Problem to work on. Among the entries below, the lines from the one with "𝑶𝒇𝒇𝒊𝒄𝒊𝒂𝒍 𝑺𝒕𝒐𝒓𝒆👍| Regain" up to and including the one with "Mo-thay-gay-rang" are to be restated exactly, without pictures.
--- Records shown Enclosed Below ---
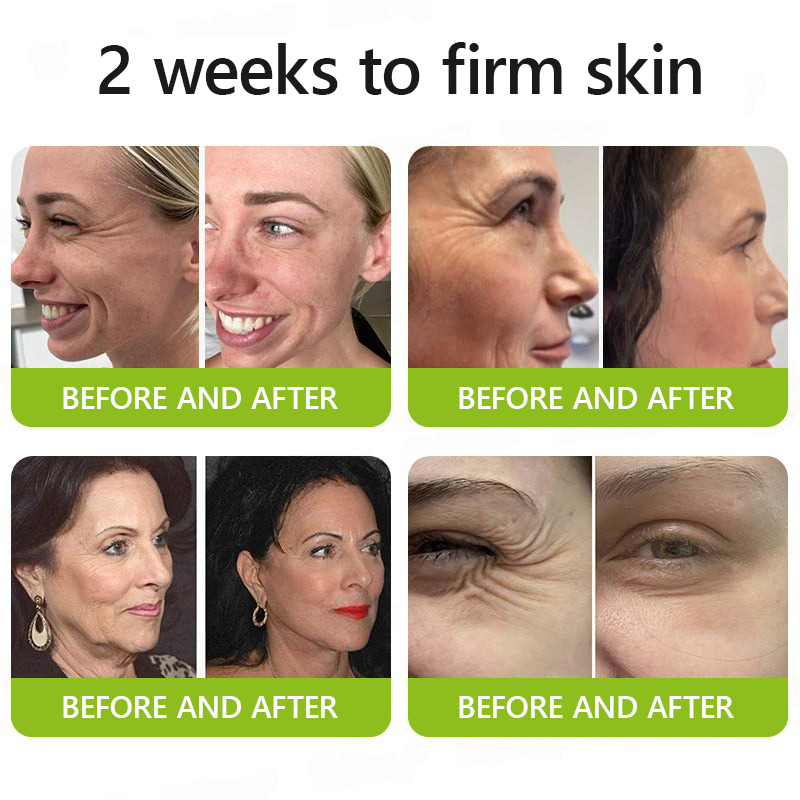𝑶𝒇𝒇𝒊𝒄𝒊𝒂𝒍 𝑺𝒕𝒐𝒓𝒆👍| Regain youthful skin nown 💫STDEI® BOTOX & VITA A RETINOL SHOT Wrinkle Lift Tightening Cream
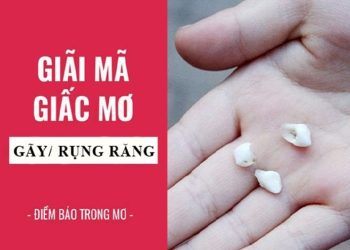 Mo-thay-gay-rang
--- End of Enclosed Records shown ---
--- Records shown Enclosed Below ---
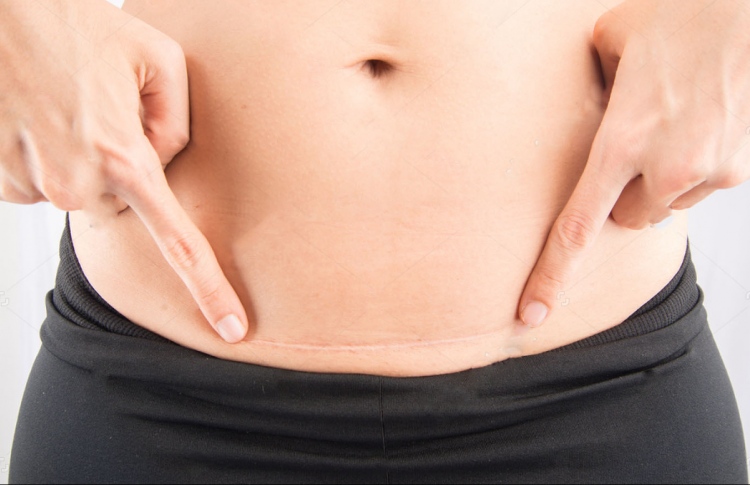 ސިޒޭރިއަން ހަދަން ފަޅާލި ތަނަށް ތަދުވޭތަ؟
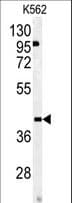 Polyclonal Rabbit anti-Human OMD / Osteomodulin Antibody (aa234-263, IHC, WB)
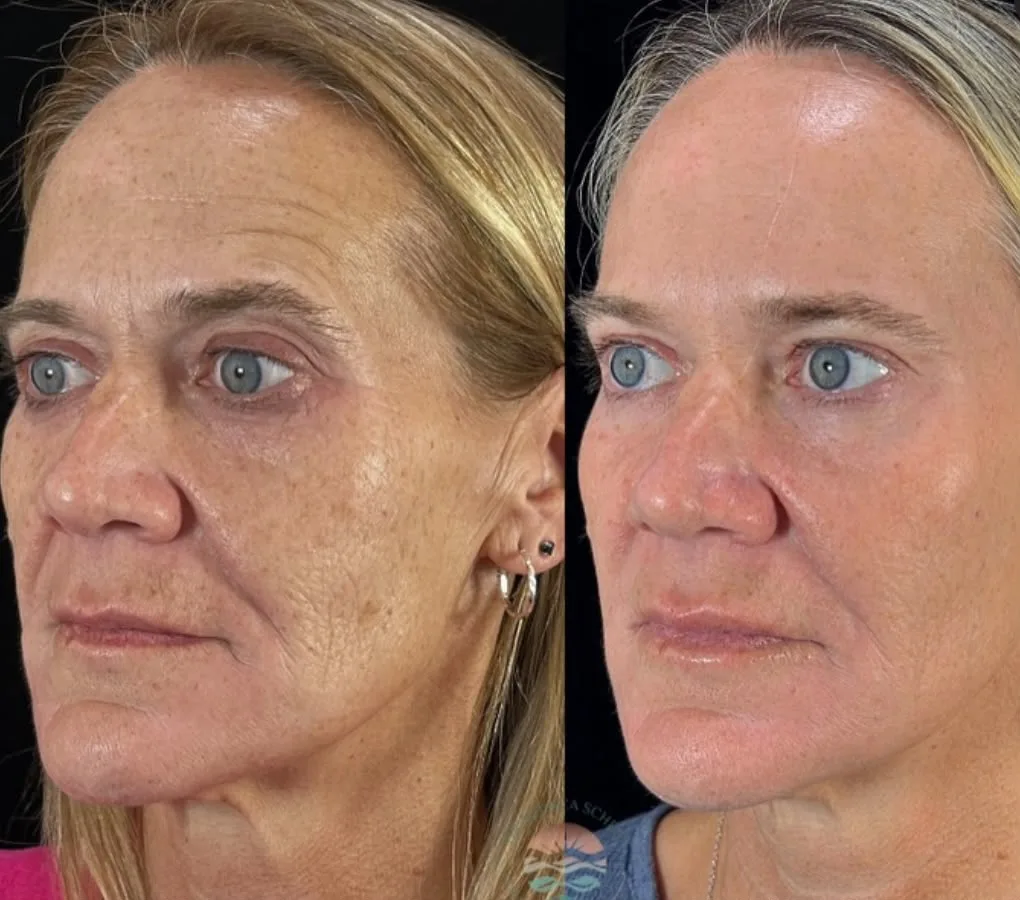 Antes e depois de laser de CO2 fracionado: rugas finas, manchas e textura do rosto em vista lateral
--- End of Enclosed Records shown ---
Task output.
𝑶𝒇𝒇𝒊𝒄𝒊𝒂𝒍 𝑺𝒕𝒐𝒓𝒆👍| Regain youthful skin nown 💫STDEI® BOTOX & VITA A RETINOL SHOT Wrinkle Lift Tightening Cream
 Mo-thay-gay-rang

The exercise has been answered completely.